また会う日を 気乗りしない誘いも断り続けるのも流石に限界かとようやく重い腰をあげた早朝。吹き抜ける風に微かに入り混じる香りに違和感を感じて、足を止めて束の間逡巡する。今更少し遅れたところで彼方の怒りがおさまるわけでも無い、と高をくくって暫し道行をずれることにした。
視界一面に広がる紅が、風が吹く度に揺らめいて雅な香りだけが仄かに香る。華やかな見た目とは裏腹に、この花に香りはない。ただしくは、現人には分からない。
多種多様な呼び名を持つこの花は、元はこの地にしか存在しないものだった。そのせいか、他の土地に根付いたものは全て色も香りも褪せてしまい、似て非なるものになっていることを、この地に戻ってくる度に思い出す。
この地を離れて随分と久しいが、それでもこの香りが懐かしいと感じる程度にはまだ情が残っていたことに、紅の中を歩きながら驚きを憶える。

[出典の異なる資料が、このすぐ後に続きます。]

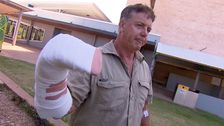 La mano del hombre australiano está 'un poco adolorida' después del ataque de un cocodrilo saltarín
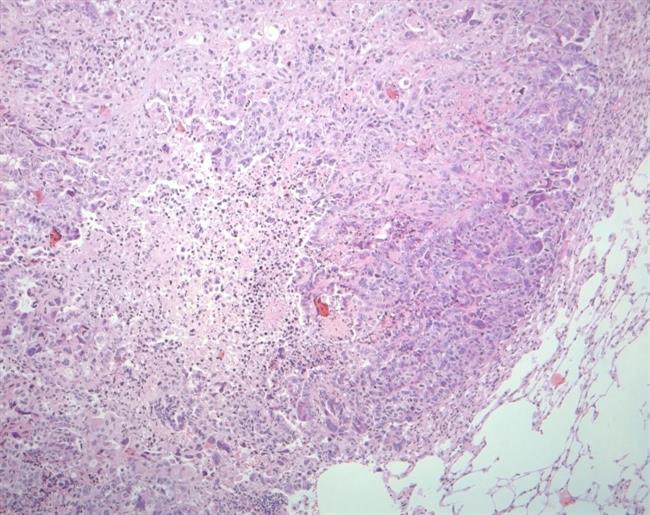 ep cancerpulmon
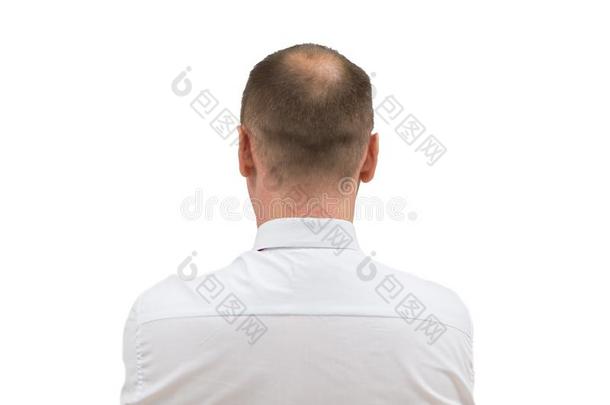 人秃头症或头发损失-成熟的人秃头的上端.背关于秃头的i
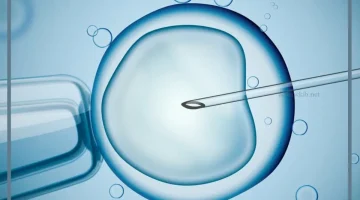 تكلفة الحقن المجهري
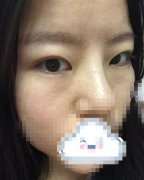 文辉才双眼皮价格贵不贵？来看真人做双眼皮实际果+收费明细表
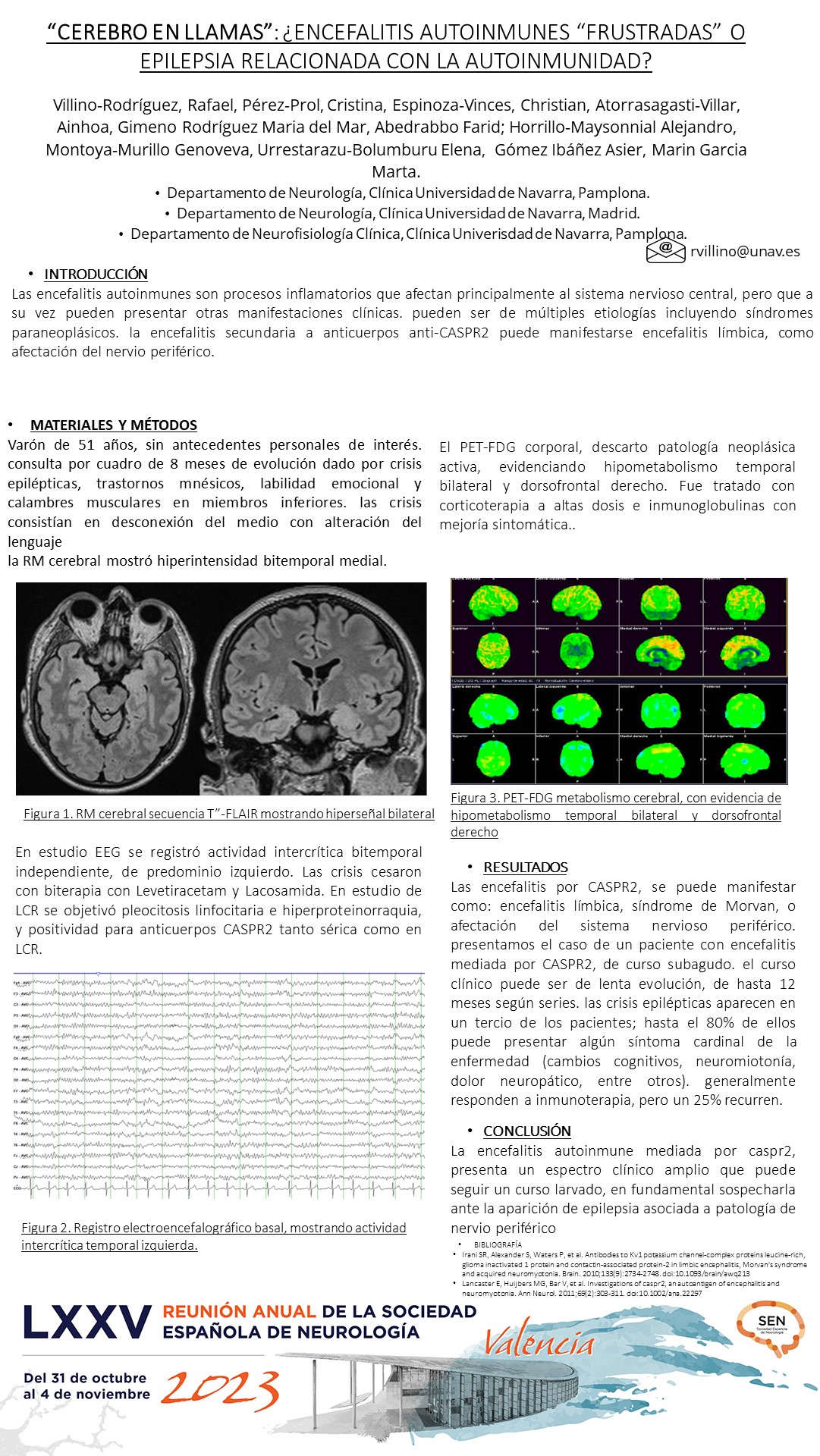 “Cerebro en llamas”: ¿Encefalitis autoinmunes “frustradas” o epilepsia relacionada con la autoinmunidad?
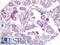 Distal-Less Homeobox 2 antibody, LS-A11271, Lifespan Biosciences, Immunohistochemistry paraffin image 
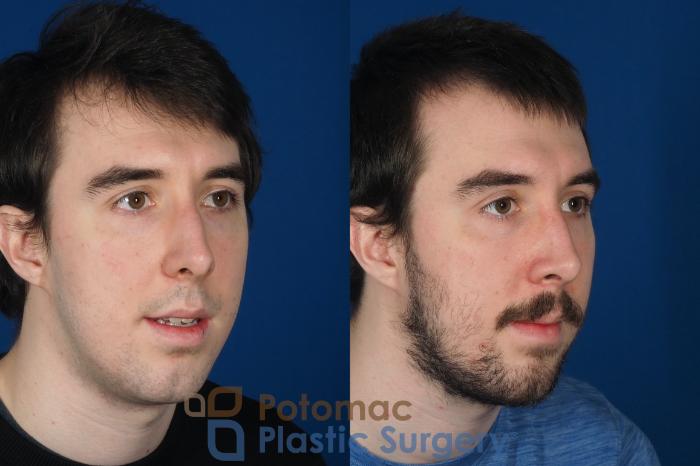 Before & After Rhinoplasty - Cosmetic Case 264 Right Oblique View in Washington DC & Arlington , DC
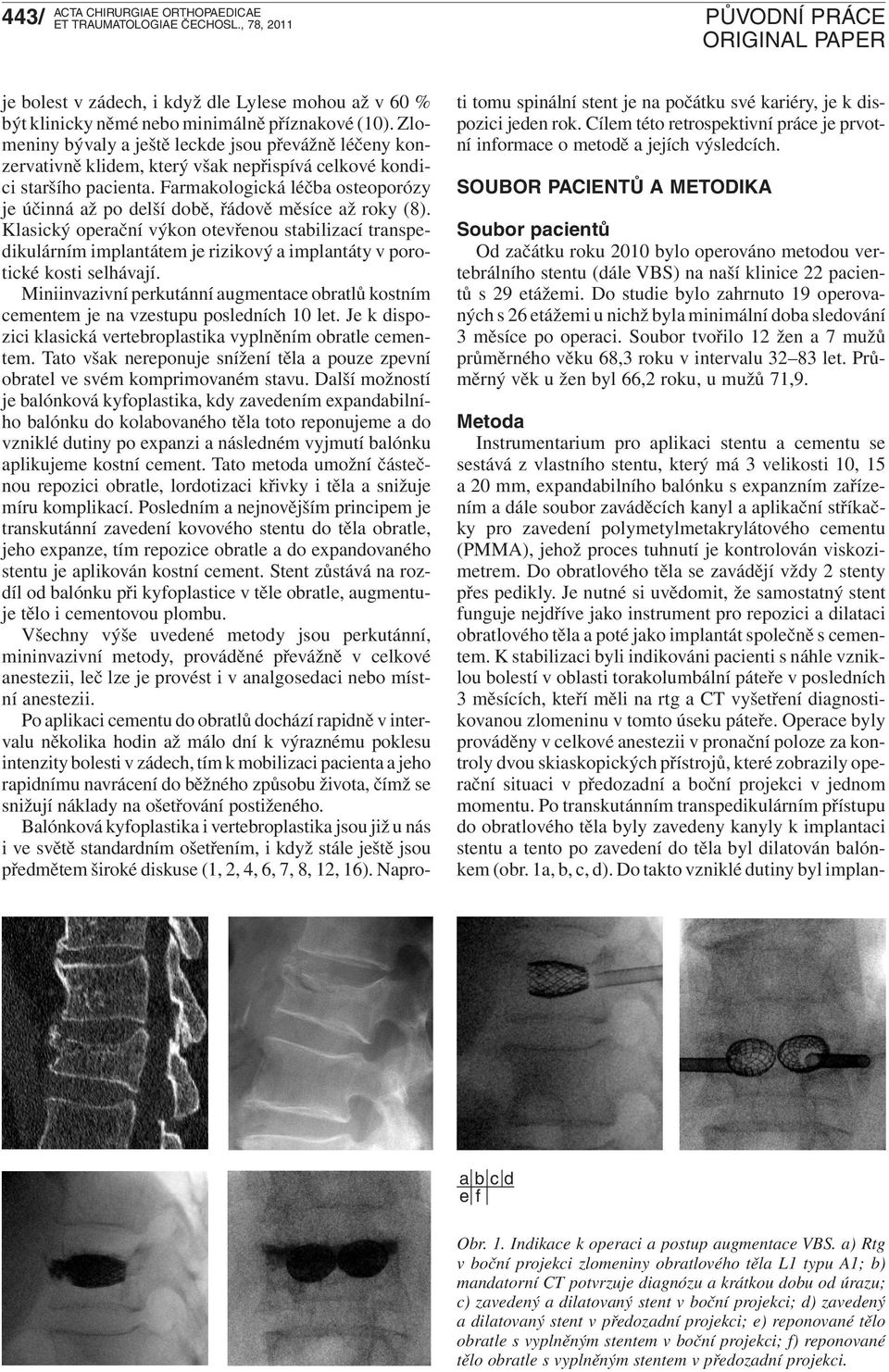 Farmakologická léčba osteoporózy je účinná až po delší době, řádově měsíce až roky (8).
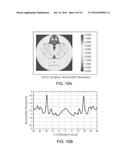 SYSTEMS AND METHODS FOR FLUID TREATMENT WITH HOMOGENEOUS DISTRIBUTION OF     ULTRAVIOLET LIGHT diagram and image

違和感の元は、すぐに見付かった。風に揺れる紅の百合の隙間に、茶色の毛並みが蹲っていた。獣の姿をしたそれは一瞬死んでいるのだろうかと思ったが、柔らかなそうな腹がゆっくりと動いているのが見えた。
まだ尾が別れていないどころか、獣の姿で迷い込んできた小さな狐。逃げてきた獲物か、誰かの使い魔か。どちらにしても面倒事になりそうだ、と踵を返そうとした瞬間、せつない鳴き声に思わず足が止まってしまい小さく舌打ちが漏れた。
「おまえ、いい度胸だね」
振り返ると、いつの間にか閉じていた筈のつぶらな瞳がこちらを見上げていた。甘い蜜のような瞳が、怖気づくこともなく僕を見詰める。このまま置いていかれたら次が無いことに薄々気付いているのだろう。ここはそういう地だ。いつものように無慈悲に振り払えばいい。それなのに、日輪草のような瞳から何故か目が離せなくなって、言葉が滑り落ちた。
「いいよ。取引きをしよう」
言葉にひきずられるように笑みが浮かぶ。花に埋もれた小さな体を抱き上げ、柔らかな毛並みの耳にそっと囁きかける。
「その眼と、交換だよ」
里に降りるのは甘い物が食べたくなった時と、草紙を買い求める時だけ。それ以外は必要以上の接触は持ちたくないと引き籠っているせいか、時間の感覚がますます怪しくなってきた頃。持ち帰った草紙も読み終えてしまい、久方ぶりに里に降りた。気になったもの全てを持ち帰ることにして店を出た瞬間、もの凄い馬鹿力に強引に振り向かされた。
「なあ、あんた!生まれはどこだ?」
「……なんなの、おまえ」
肩を掴む手を振り払い、不機嫌に睨みつけた先にはまだ尾も別れていないような若い妖狐が立っていた。この里に僕の機嫌を損ねるような真似をする輩がまだ残っていたことにうんざりする半面、目の前の妖狐の顔を見て思わず眉根が寄る。
「おまえ、その眼は」
「あんたと互い違いだ。俺はカイン、武者修行をしていたんだが、縁あってあそこの薬種問屋の用心棒をしている。あんたは?」
首を傾げて何の疑いも無く名乗りを求めて見詰めてくる蜜色の瞳に、記憶の奥深くが刺激される。
天蓋花の中で気紛れに掬い上げた子狐。
命を救ってやる代償として、その瞳の片割れを求めた。
「……そう、憶えてないんだ」
「え?」
ぽつりと呟いた言葉に瞬きを返す顔は、あの時のまま怖気づくことをまだ知らない。
「お前みたいに失礼な奴に、教えてなんてやらない」
地を蹴って宙に浮かびあがると驚きの表情を浮かべながらも、往生際悪く片手が持ち上がる。その手に捕まれる前に、嫌悪感を上乗せした舌を見せつけてから僕は姿をくらましてやった。
それから暫くして、僕の隠れ家に遠慮のない大きな声が響かせたカインが、僕の妖術で里まで吹き飛ばされたのに懲りずに翌日顔を見せたのはまた別の話。